Excerpts from a dataset:
--- START ---

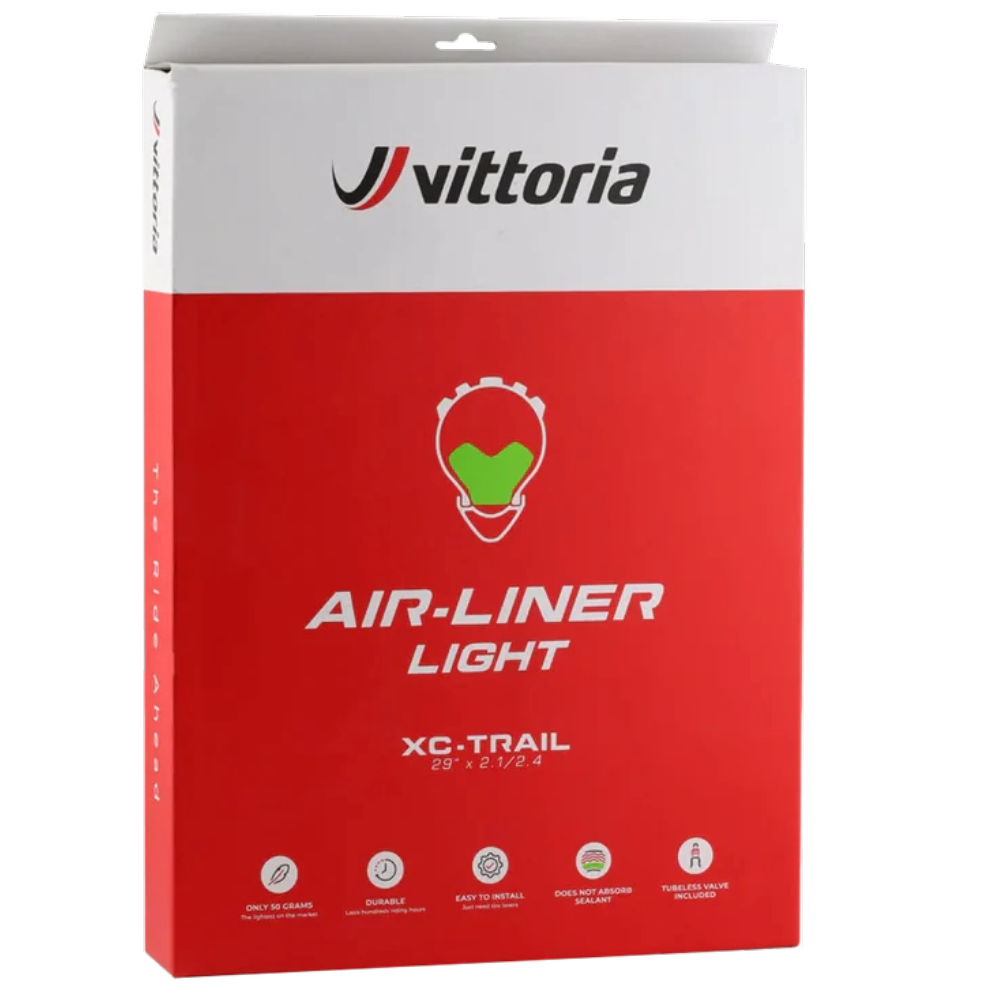 Syerra Trail + Air-Liner Light XC + Universal Sealant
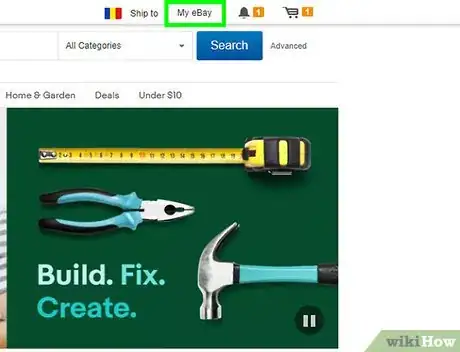 Image titled Remove an Item from eBay Step 3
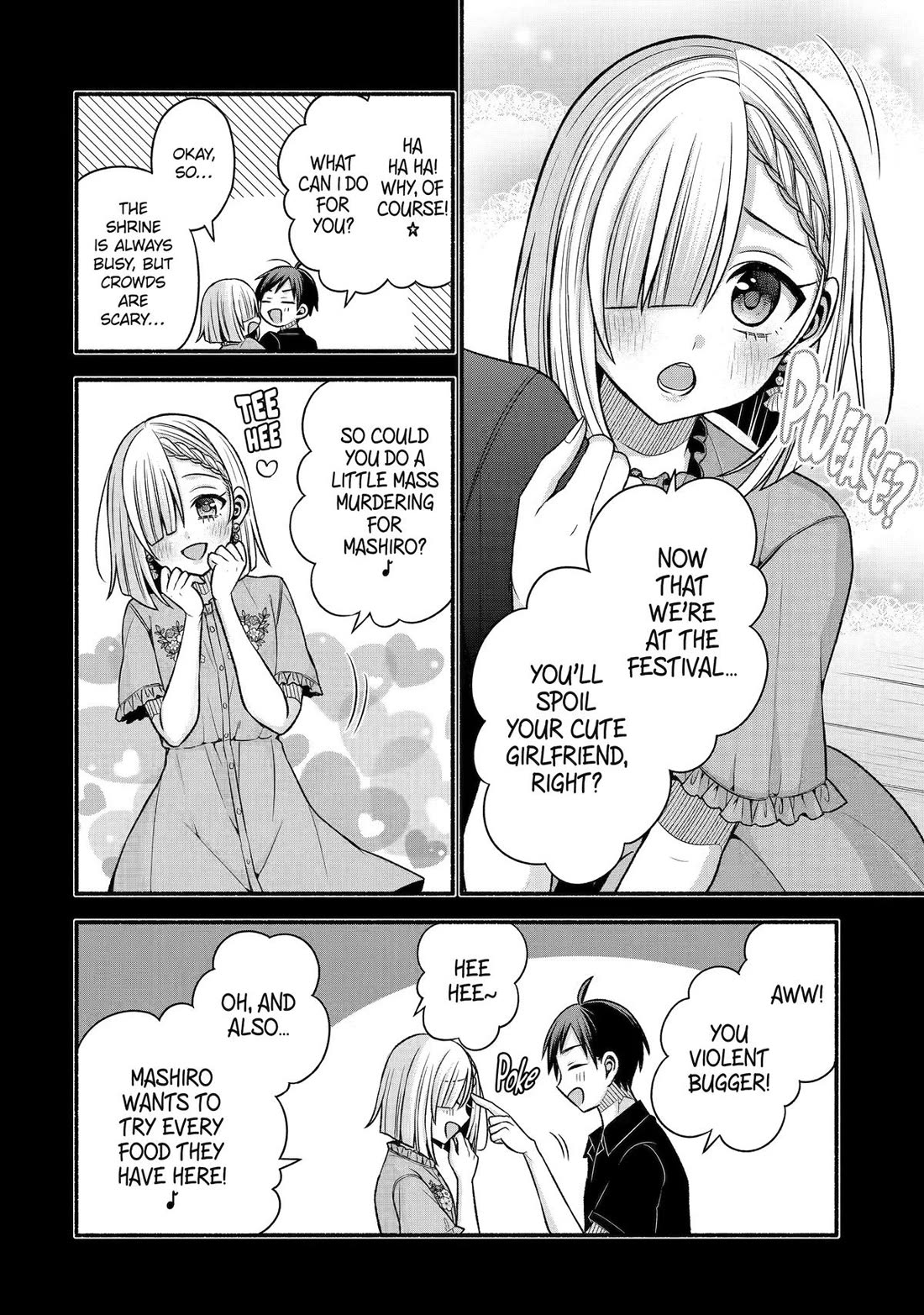 My Friend's Little Sister Is Only Annoying To Me - Chapter 43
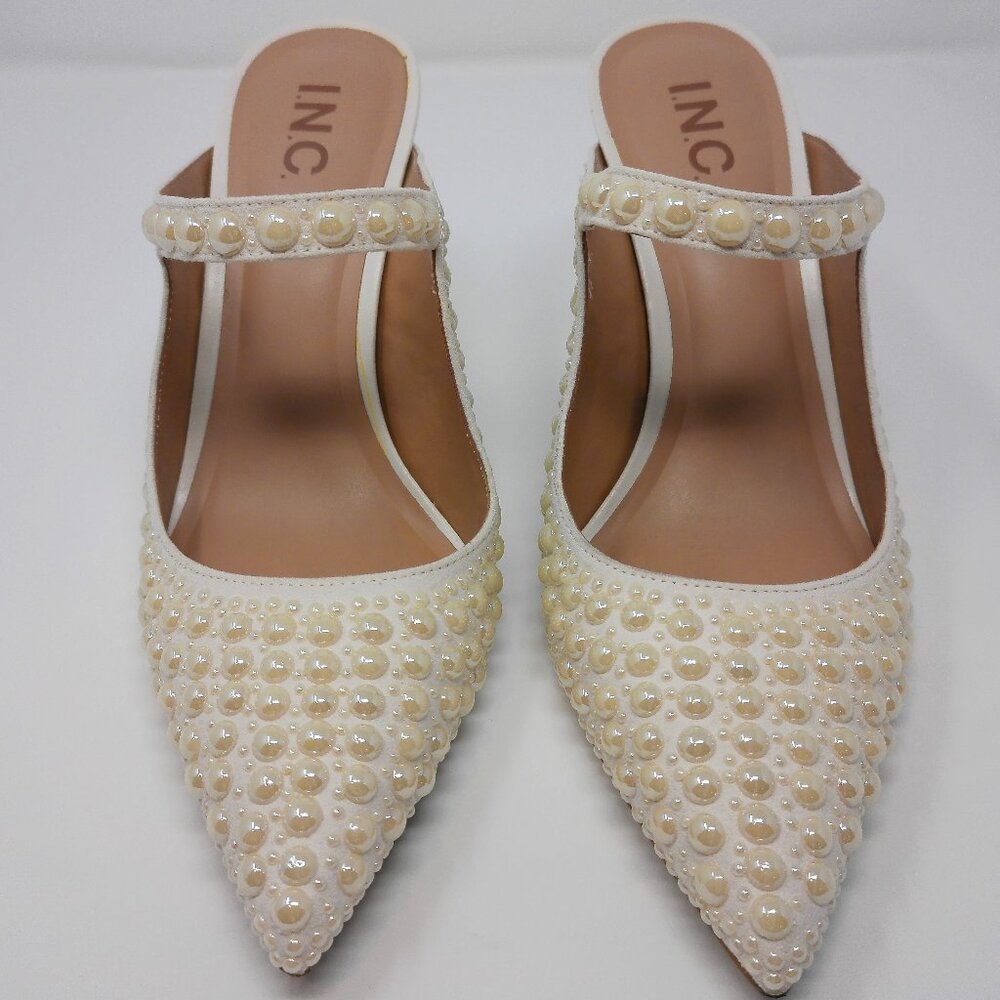 INC International Concepts Samza Mule Pumps Size 9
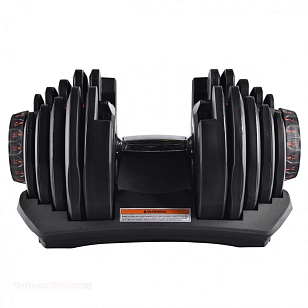 Регулируемая гантель Original Fitness 40 кг для отдыха за городом Регулируемая гантель Original Fitness 40 кг для хобби и пикника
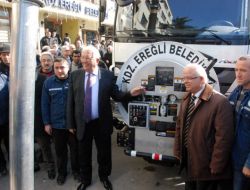 Ereğli Belediyesi Araç Filosuna Bir Yenisini Kattı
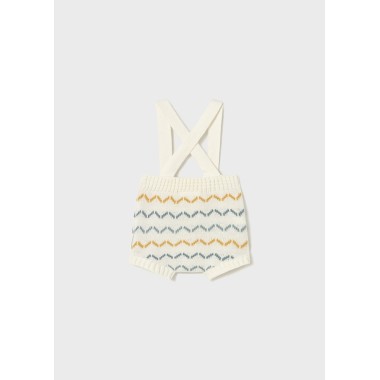 Completo Body Salopette Cardigan Neonato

--- END ---

[TASK INSTRUCTIONS]:
Return every record exactly, without the pictures.

[REPLY]:
 Syerra Trail + Air-Liner Light XC + Universal Sealant
 Image titled Remove an Item from eBay Step 3
 My Friend's Little Sister Is Only Annoying To Me - Chapter 43
 INC International Concepts Samza Mule Pumps Size 9
 Регулируемая гантель Original Fitness 40 кг для отдыха за городом Регулируемая гантель Original Fitness 40 кг для хобби и пикника
 Ereğli Belediyesi Araç Filosuna Bir Yenisini Kattı
 Completo Body Salopette Cardigan Neonato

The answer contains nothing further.